WASHINGTON — President Barack Obama on Thursday laid out an ambitious agenda to reform veterans benefits, promising a lifelong medical record for all servicemembers and an end to homelessness among veterans.

"For their service and sacrifice, warm words of thanks are more than warranted, but they aren’t nearly enough," Obama told a crowd of troops and veterans.

"Too many wounded warriors go without the care they need. Too many veterans don’t receive the support that they’ve earned. Too many who once wore this nation’s uniform now sleep in the streets. It’s time to change all that."

Last week the House and Senate separately approved the president’s plans for more than $53 billion in discretionary spending for veterans programs in fiscal 2010, an increase of 11.5 percent from last year. The White House has pledged a $25 billion increase in veterans funding over the next five years.

The president’s announcement Thursday laid out specifics for some of that spending: more money for improved GI Bill benefits, expanded medical coverage for 500,000 veterans, more money for brain injury and stress disorder research, and the establishment of a "unified, lifetime health record" for all servicemembers.

Defense Secretary Robert Gates and Veterans Affairs Secretary Eric Shinseki have already begun work on those records, which would chronicle troops’ entire medical history in a format that both defense clinics and VA physicians could easily access.

Obama said the goal of the new system is simple: "When a member of the Armed Forces separates from the military, he or she will no longer have to walk paperwork from a duty station to a local veterans health center."

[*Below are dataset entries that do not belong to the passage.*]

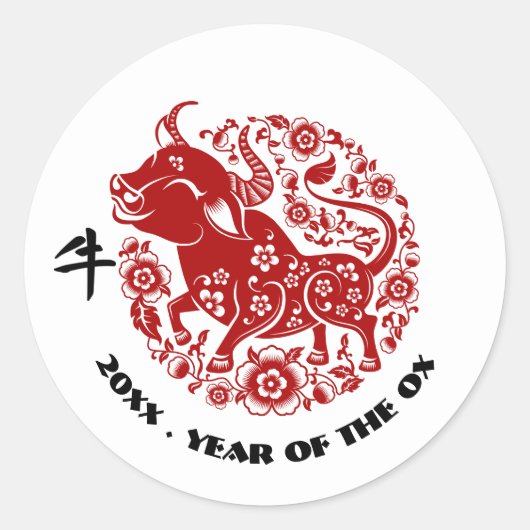 Chinees Jaar van de Ox | Aangepast jaar Ronde Sticker (Voorkant)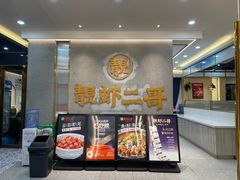-靓虾二哥长沙地标小龙虾(五一广场店)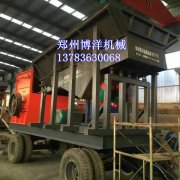 暖色系＋灰色移動(dòng)式碎石機(jī)/移動(dòng)式破碎機(jī)/移動(dòng)破碎站 2017您一定需要它！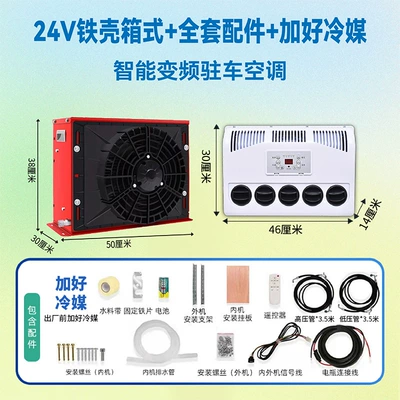 Frequency Dc 12V Excavator Loader – Automotive air conditioning - 24v-red-iron-box-type-good-refrigerant-full-set-of-accessories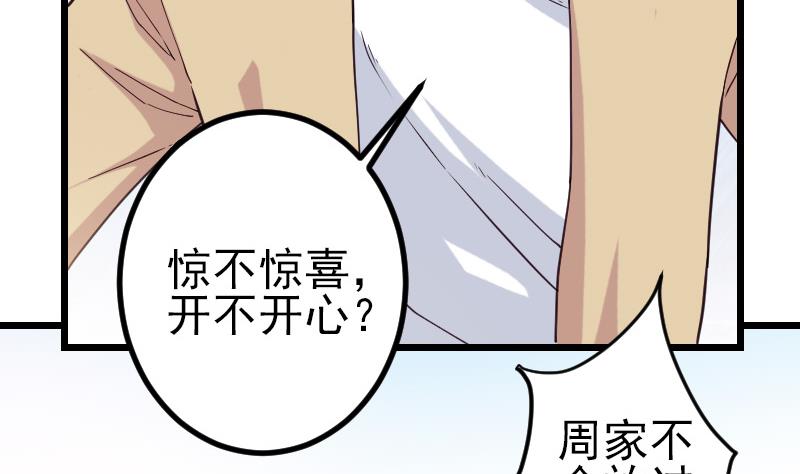 都市神豪系统韩漫全集-第181话 招聘无删减无遮挡章节图片 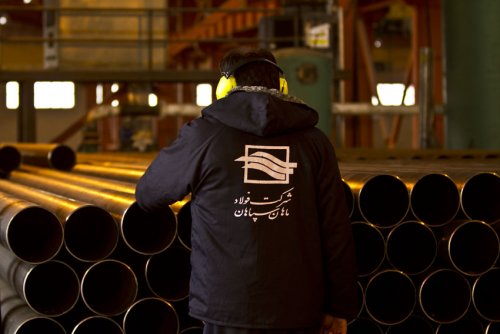 درباره فولاد ماهان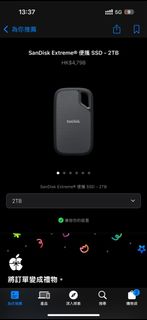 （分類：）位於 。 由 swcom 提交（商品編號 1439318770，圖片 1）。簡介： 。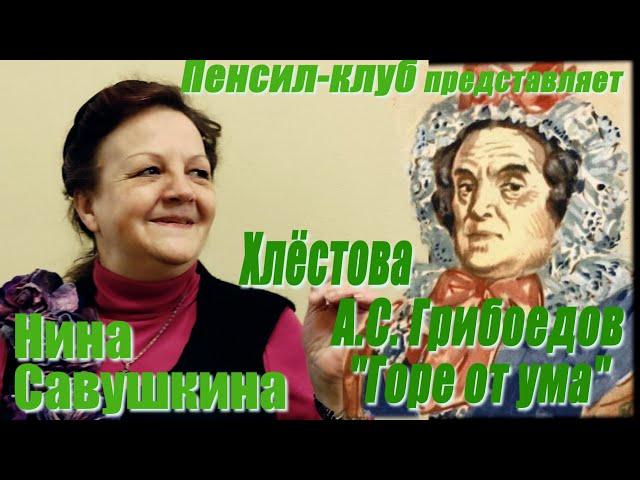 Нина Савушкина - А.С. Грибоедов "Горе от ума" - Анфиса Ниловна Хлёстова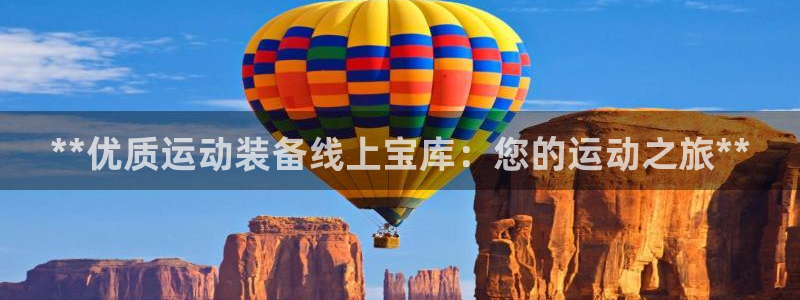 欧陆娱乐客服人工电话：**优质运动装备线上宝库：您的
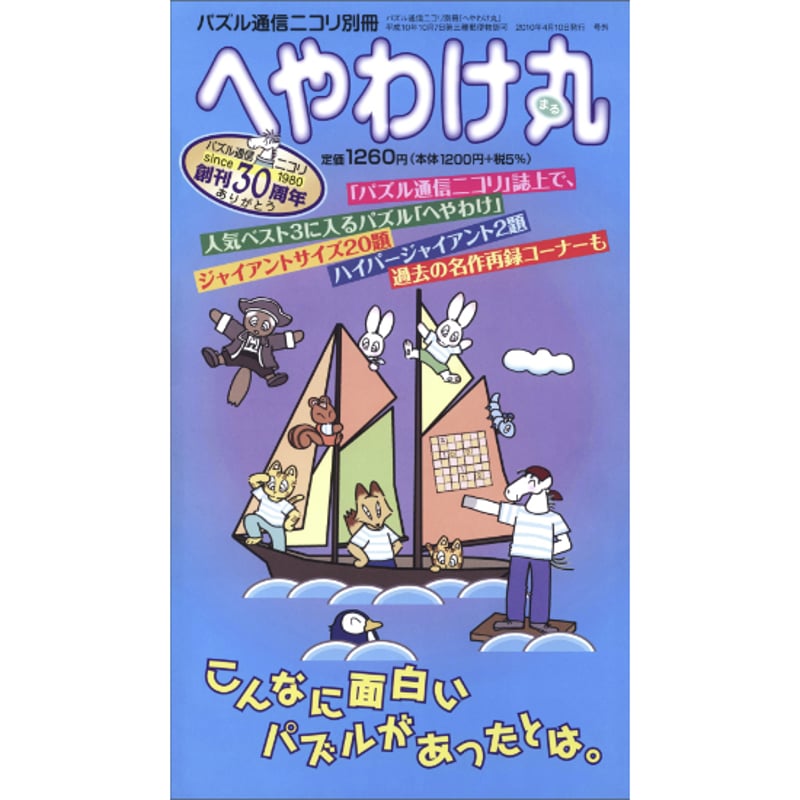 へやわけ丸 【PDF版】 | ニコリ デジニコ支店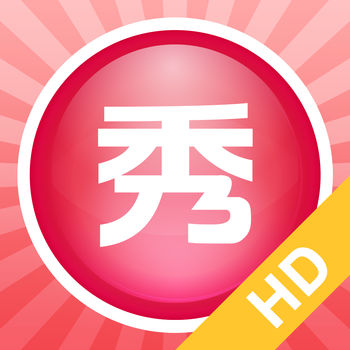 美图秀秀 HD版手机软件app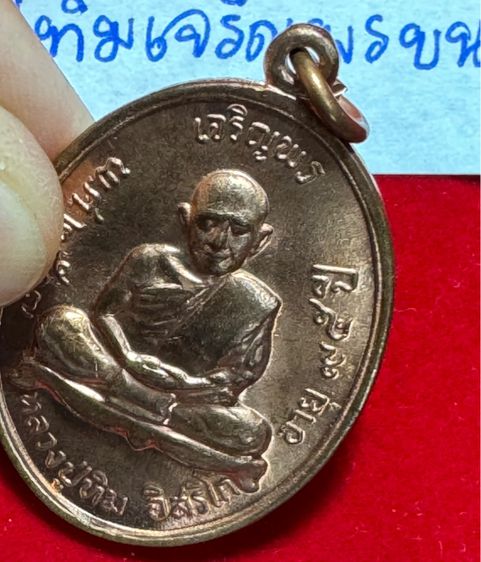 หลวงปู่ทิม อิสริโก วัดละหารไร่ จังหวัดระยอง เหรียญปี 2518 รุ่นเจริญพรบน เนื้อ รูปที่ 11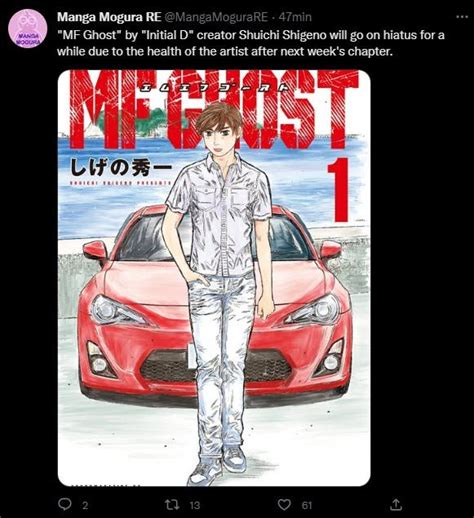 Mf Ghost El Nuevo Manga De Coches Del Creador De Initial D Se Va A Un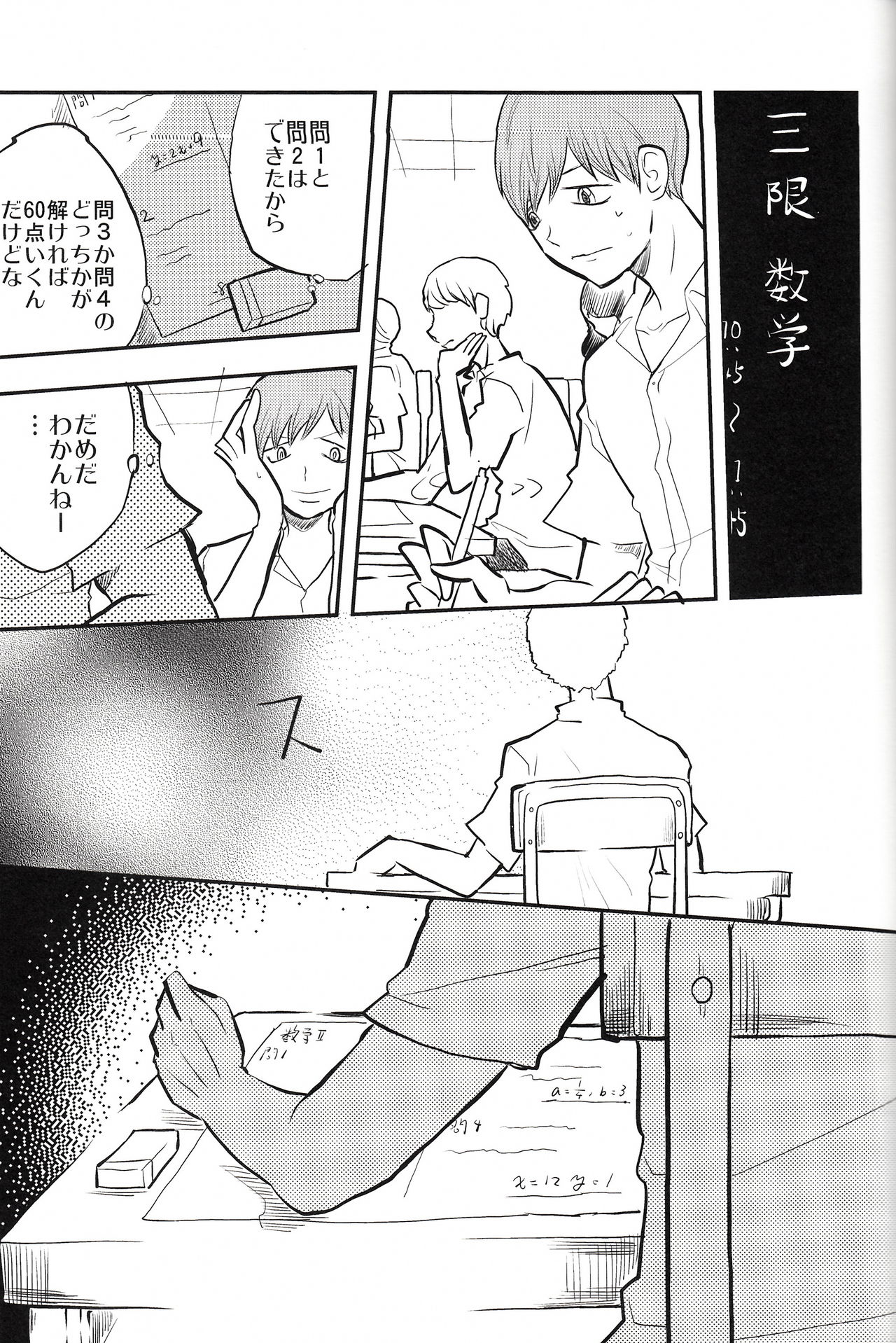 Chissoku Shisou na Juvenile page 8 full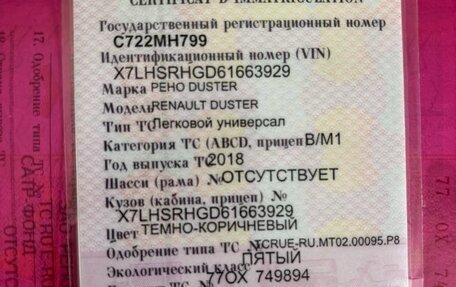 Renault Duster I рестайлинг, 2018 год, 1 000 000 рублей, 32 фотография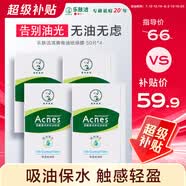 曼秀雷敦樂膚潔吸油紙臉部200片裝經典綠膜凈油定妝吸油面紙親膚不吃粉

That comment drew applause from the assembled groups. Paul Rieckhoff, executive director of Iraq and Afghanistan Veterans of America, said the idea of a single electronic medical record for veterans isn’t new, but the president’s commitment to the idea is.

"This is the first time we’ve had a president sit the secretary of Defense and secretary of Veterans Affairs in a room and tell them to get it done," he said. "This is what we’ve been waiting for."

Obama did not unveil a time line for implementing the system, but said the departments have already made significant progress on the effort.

Last month Army officials blasted the Defense Department’s electronic medical record system — Armed Forces Health Longitudinal Technology Application — as so unreliable and difficult that it discourages physicians from staying in the service.

Veterans affairs officials said they’ve had more success with their separate efforts, but still have no reliable way to transfer active-duty records into their system.

Obama also pledged to launch a pilot program with private organizations to help keep veterans from losing their homes and help find housing for those already in trouble. VA officials estimate that up to 154,000 veterans are living on the streets on any given night.

"We will not rest until we reach a day when not one single veteran falls into homelessness."